Data section start

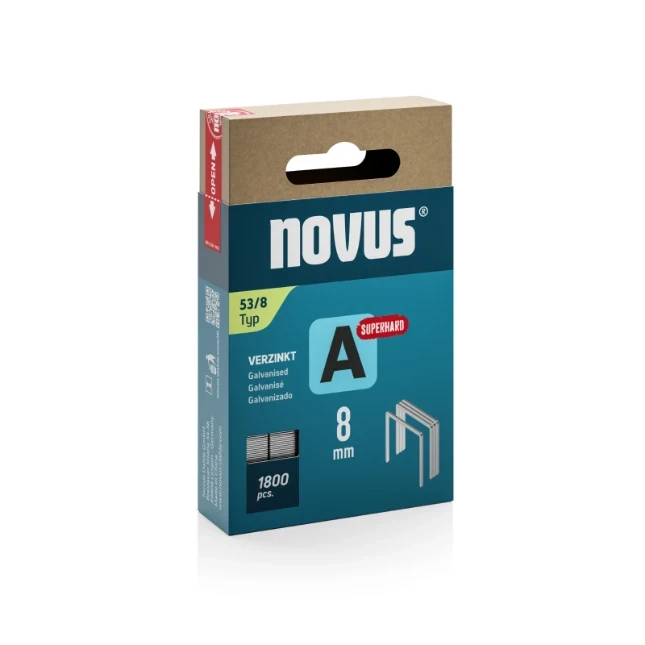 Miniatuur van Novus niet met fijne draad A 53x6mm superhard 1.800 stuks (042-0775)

Data section end
Data section start

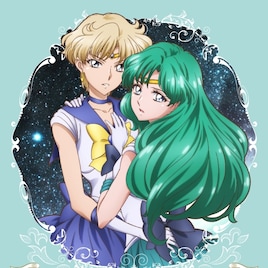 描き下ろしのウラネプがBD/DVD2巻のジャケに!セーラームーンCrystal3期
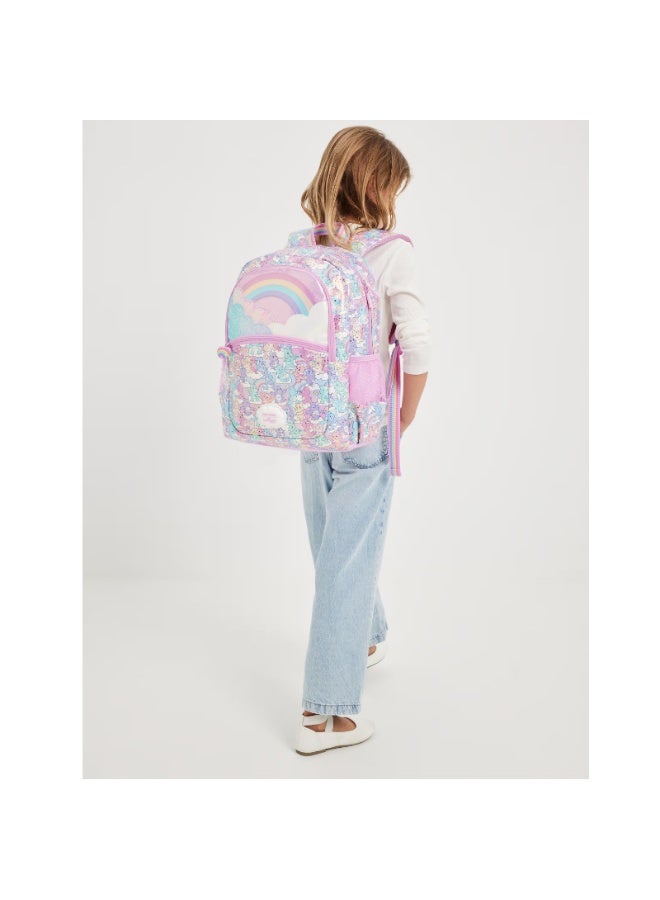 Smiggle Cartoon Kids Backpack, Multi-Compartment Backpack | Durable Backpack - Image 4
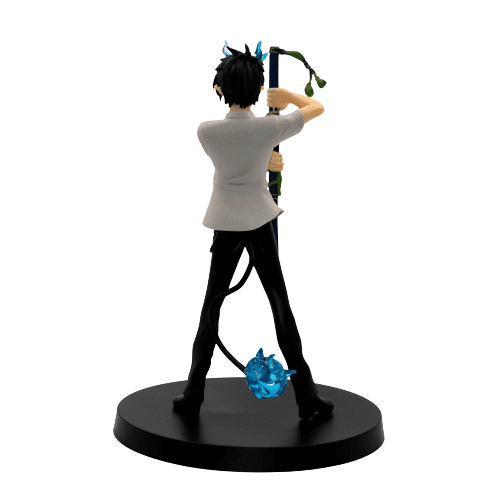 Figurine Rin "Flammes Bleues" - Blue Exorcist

Data section end

→ **Problem description**
Above, find the line with "Smiggle Cartoon Kids"; copy it and every line down to the line with "- Blue Exorcist", exactly and both included, but no pictures.

→ **Answer to the exercise**
 Smiggle Cartoon Kids Backpack, Multi-Compartment Backpack | Durable Backpack - Image 4
 Figurine Rin "Flammes Bleues" - Blue Exorcist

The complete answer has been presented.